Les 16 Snowy
‘Snowy, Snowy’, hoort Nancy iemand roepen.
Ze kijkt naar buiten en ziet buurvrouw Marie. Deze buurvrouw is echt een dierenvriend.
Zij heeft zeven honden. Zodra ze thuis is, hoor je haar hun namen roepen. Bruintje, Bruno, Witje, Blackie, enzovoorts. Ze heeft ook vier poezen. Die hebben weer andere namen. Tigri, Leeuwtje, Poes en zelfs Kangoeroe. Nancy moet er vaak om lachen.
Buurvrouw Marie heeft veel straathonden een thuis gegeven.

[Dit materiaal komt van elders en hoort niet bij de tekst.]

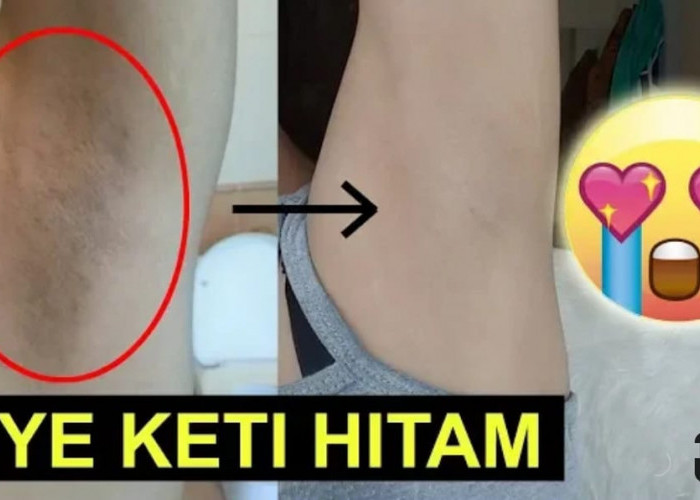 3 Cara Gampang Memutihkan Ketiak Hitam dengan Bahan Alami Dalam Semalam, Ampuh Hilangkan Bau Badan Permanen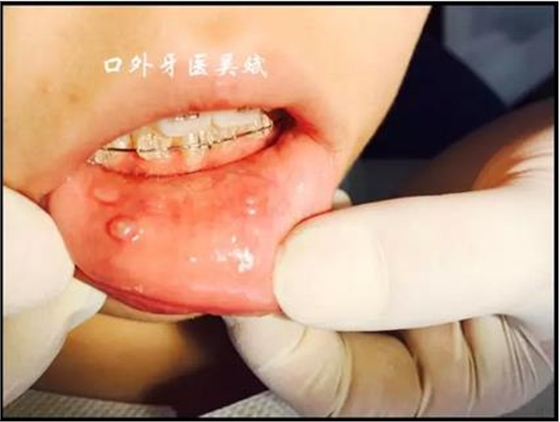 360截圖20170124184514557.jpg 360截圖20170124184514557.jpg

Nu kan dat niet meer, want ze heeft geen plaats meer op haar erf.
Nancy kent de naam Snowy nog niet. Ze ziet een hond met een spierwitte vacht.
Op haar kop heeft zij een donkerbruine vlek. Ze heeft een rode halsband om en ziet er verzorgd uit. Ze lijkt wel een beetje bang. Haar staart hangt omlaag. Voorzichtig loopt ze naar buurvrouw Marie. De andere honden kijken nieuwsgierig toe vanachter de poort.
Snowy is nieuw in de straat. Van buurvrouw Marie krijgt zij brokjes.
Nancy gaat op het balkon staan.
‘Dag Nancy’, groet de buurvrouw.
‘Dag buurvrouw’, antwoordt Nancy. ‘Heeft u een nieuwe hond?’
Lachend antwoordt de buurvrouw: ‘Welnee Nancy. Ik heb er al zeven en deze kan er echt niet bij. Misschien is ze verdwaald. Alleen vandaag geef ik haar wat te eten.’
Nancy vertelt haar broer John wat gebeurd is. Hij zegt dat hij gisteravond ook een witte hond heeft gezien.
‘Zeker was het Snowy’, zegt Nancy.
John en Nancy gaan samen naar de winkel. Zij kopen brood, melk en eieren. Nancy wil brokjes kopen voor Snowy. Dat mag van John. Als ze bij de kassa staan, stapt er een meneer de winkel binnen. Hij groet de Chinese winkelier. ‘Meneer Wong, mi mag plak wan sani dya?’, vraagt hij. ‘Mi lasi mi dagu.’
De man wil een foto van zijn hond opplakken. Zijn telefoonnummer staat eronder. Als iemand haar ziet, kan die hem bellen.’